We live in production -- our practices, customs and very culture are designed by us, but then also inform our capabilities and practice. Despite how our SRE practice might be designed or set out, those surroundings inform our ability to make forward progress, and our collective desire to do so.

People become attached to tooling, to processes, to the structure, and also often to the anti-patterns.

I will give a real example: I once spoke to an engineering leader about an SRE-style engagement for their feature. I asked about current levels of toil and what might be acceptable -- they said that the system paged only maybe twice a week. This was a deal-breaker for me and my team, which shocked the product lead: they had lived around systems with a baseline level of paging and toil for so long, that getting paged all the time was unremarkable to them. 2 pages a week seemed perfectly normal and part of being alive. It was a concrete post in the middle of their living room. Getting a human to intervene was considered part of the feature.

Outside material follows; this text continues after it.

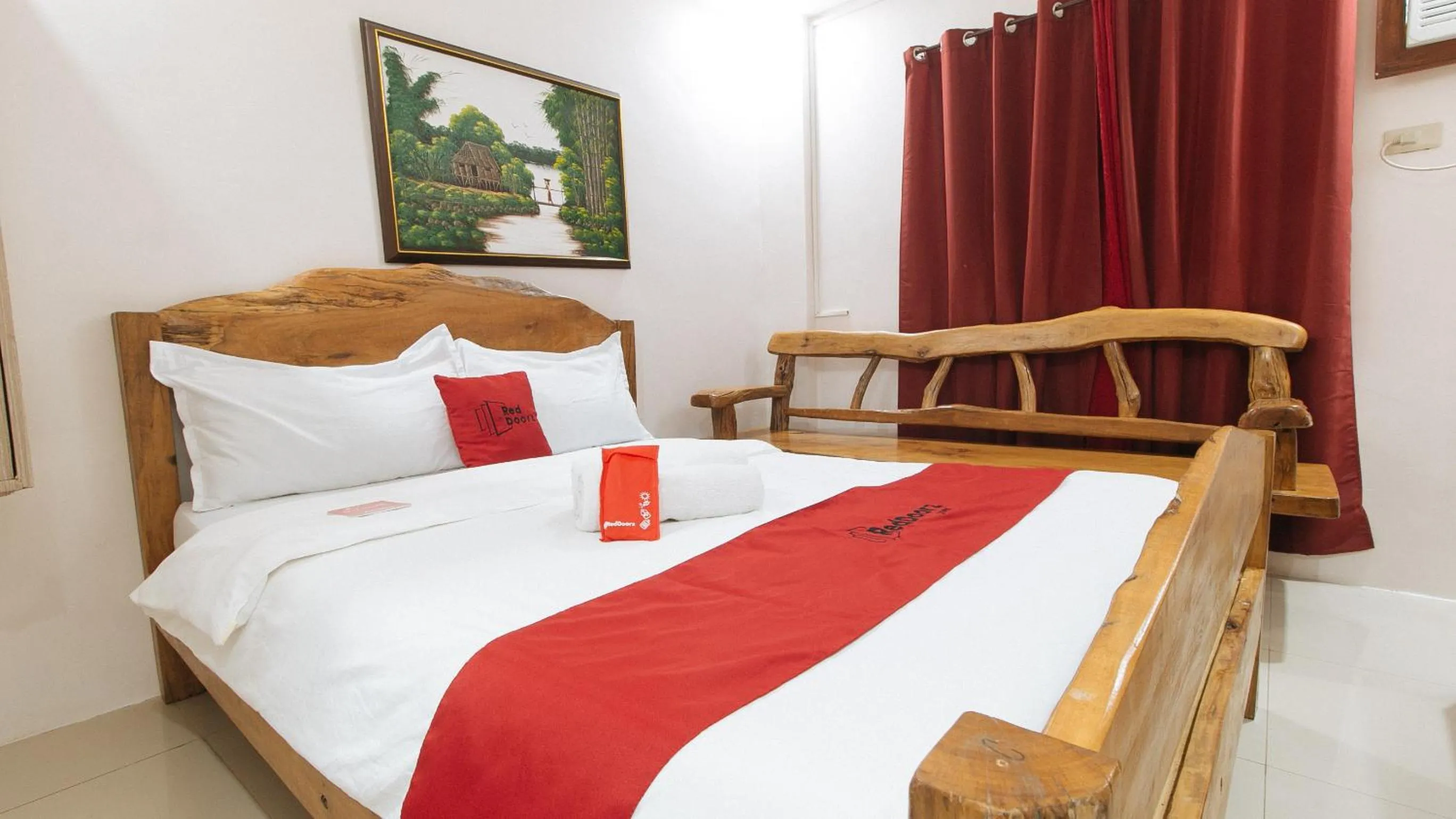 Suite in RedDoorz Plus @ Jollydays Hotel Nueva Ecija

How we build and interact with our production systems has more than a passing similarity to how we interact with and are defined by the architecture of the buildings and cities around us. The approaches toward building tools and processes to serve people are the same. The architecture must serve people, first and foremost.

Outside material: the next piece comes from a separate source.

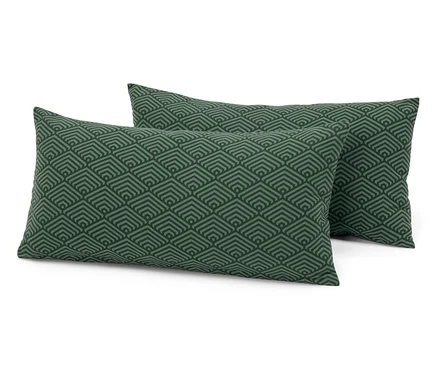 Deux coussins rectangulaires avec un motif géométrique dans les tons verts.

“Vous savez, c'est la vie qui est juste et l'architecte qui a tort” -- Le Corbusier (1887-1965)

Life is right, and the architect is wrong. We often find ourselves building systems that we then serve. We create a self-fulfilling feedback loop of toil and of workarounds that can often not actually result in meaningful outcomes as far as reliability goes.

It's easy to consider yourself a hero in the trenches of production, and all the unexpected twists and turns that can result from interacting with it. We sometimes forget that the system serves you -- that life, the human, the people on the teams working within this architecture, are in charge. The robots work for us.

"You cannot save wonderful towns. You can only save wonderful towns by building new ones." -- Ludwig Mies Van der Rohe (1886-1969)

I have often spoken to folks who either look in from outside, or who are inside the SRE/production engineering/DevOps space, and who claim a lack of innovation. I couldn't disagree more.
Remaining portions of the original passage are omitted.